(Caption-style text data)
┏━━
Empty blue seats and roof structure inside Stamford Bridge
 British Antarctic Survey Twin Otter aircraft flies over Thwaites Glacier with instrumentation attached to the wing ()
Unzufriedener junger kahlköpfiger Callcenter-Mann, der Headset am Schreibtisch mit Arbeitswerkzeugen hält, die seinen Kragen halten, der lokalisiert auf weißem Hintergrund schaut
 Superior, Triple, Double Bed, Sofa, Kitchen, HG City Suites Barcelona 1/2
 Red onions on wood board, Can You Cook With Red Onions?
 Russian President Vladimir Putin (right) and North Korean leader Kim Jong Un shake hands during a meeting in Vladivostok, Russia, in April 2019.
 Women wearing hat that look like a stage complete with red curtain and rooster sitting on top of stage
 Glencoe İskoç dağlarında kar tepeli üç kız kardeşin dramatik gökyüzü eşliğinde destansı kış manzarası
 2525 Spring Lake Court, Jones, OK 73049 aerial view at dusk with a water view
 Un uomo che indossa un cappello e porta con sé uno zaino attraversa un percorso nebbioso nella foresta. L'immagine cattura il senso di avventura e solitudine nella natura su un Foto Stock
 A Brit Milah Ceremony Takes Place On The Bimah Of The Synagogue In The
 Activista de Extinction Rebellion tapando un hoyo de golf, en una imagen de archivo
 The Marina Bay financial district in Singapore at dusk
┗━━
What to do:
Gather up, from the records above, each line where the word "dusk" appears.

Task output:
 2525 Spring Lake Court, Jones, OK 73049 aerial view at dusk with a water view
 The Marina Bay financial district in Singapore at dusk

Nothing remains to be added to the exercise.